AMGEN drug for ALL receives FDA’s breakthrough designation video
CANCER DIGEST – July 8, 2014 – The FDA granted breakthrough therapy status to blinatumomab for the most common form of acute lymphoblastic leukemia (ALL). The cancer results from too many immature white blood cells in the blood and bone marrow. To get breakthrough designation, a drug must show preliminary clinical evidence indicating the drug may demonstrate substantial improvement over existing therapies. A total of 82 of 189 (43 percent) patients treated with blinatumomab achieved a complete remission or a partial hematological recovery. The results were presented at the 2014 ASCO Annual Meeting in June. Blinatumomab is an engineered antibody that directs T-cells in the immune system to attack cells that produce certain molecules found on the surface of the abnormal ALL white blood cells. Sean E. Harper, MD, executive vice president, Research and Development at Amgen, which makes the drug, said in a press release that the company is currently recruiting for a large clinical trial that will compare blinatumomab to standard chemotherapy, and plans to enroll 400 patients over the next two to three years.

Monday, July 7, 2014

Cell discovery could lead to blocking cancer spread

Migrating embryonic neural crest
cells (credit: Prof. Roberto Mayor)
CANCER DIGEST – July 7, 2014 – Cancer that spreads, or metastasizes, to other parts of the body is often deadly. How tumors spread, however, or more specifically, how cancer cells enter the blood or lymph systems to be transported elsewhere has long been a mystery. Researchers at the University College London (UCL) reported today in the Journal of Cell Biology that they have discovered that cells can change into a liquid-like state to easily move through blood and lymph vessels. 

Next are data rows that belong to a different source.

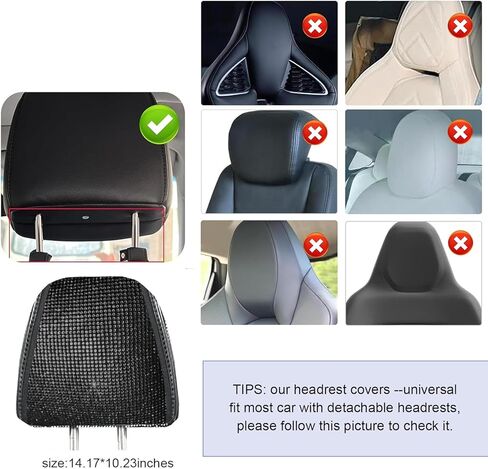 2 PCS Bling Car Headrest Covers, Stylish Rhinestone Head Rest Cover Protector with Snap, Easy to Install Car Interior Decoration Accessories, Universal for Most Cars (Black) in Kuwait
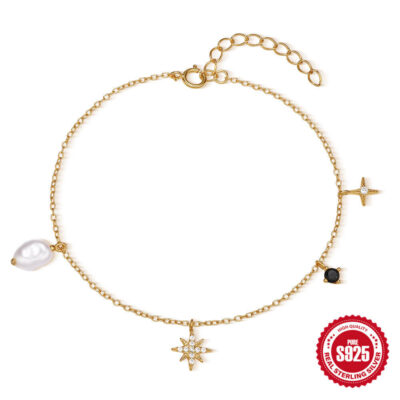 Octagram S925 Silver Bracelet with Pearl Charm show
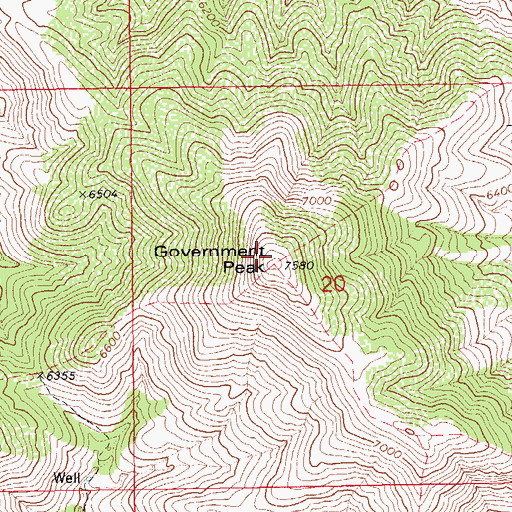 Topographic Map of Government Peak, AZ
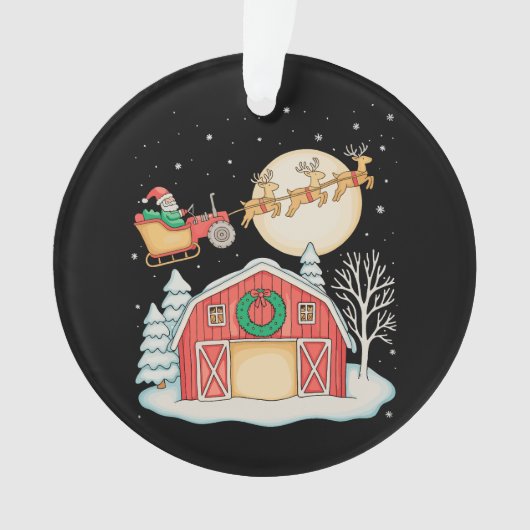 Santa Tractor Farm Farmer Christmas Farming Xmas オーナメント (正面)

The researchers say a molecule called lysophosphatidic acid (LPA) changes cells from a solid to a liquid-like state, allowing cells to flow between tissues in the body. Lead author of the study, Professor Roberto Mayor, of UCL, called the discovery a milestone in understanding cell development and cancer biology. 

“We have found a way to stop the movement of embryonic cells by blocking LPA signals,” he said in a press release. “It is likely that a similar mechanism operates during cancer invasion, which suggests a promising alternative in which cancer treatments might work in the future, if therapies can be targeted to limit the tissue fluidity of tumors.”

Sunday, July 6, 2014

Tool adapted to surgery may improve brain cancer surgery

The Purdue-designed
mass spectrometer to
help guide brain surgery.
(Photo courtesy of
Brigham and Women’s
CANCER DIGEST – July 6, 2014 – A new tool that sprays a microscopic stream of charged solvent onto a brain tumor and surrounding tissue may help brain surgeons more precisely remove cancerous tissue during surgery, say researchers developing the tool at Purdue University and surgeons at Brigham and Women’s Hospital.

The tool uses a technique called mass spectrometry that can identify molecules based on mass, and produces a color-coded image that reveals the location, type and concentration of tumor cells. The tool had previously been shown to accurately identify the cancer type, grade and tumor margins of specimens removed during surgery based on an evaluation of the distribution and amounts of fatty substances called lipids within the tissue.

R. Graham Cooks, the Purdue professor who co-led the project said in a press release, that brain tumor tissue looks very similar to healthy brain tissue, making it is very difficult to determine where the tumor ends and the normal tissue begins. The molecular information provided by the tool can help surgeons precisely and more thoroughly remove the cancer.

The study will be published in an upcoming issue of the Proceedings of the National Academy of Sciences and is published online.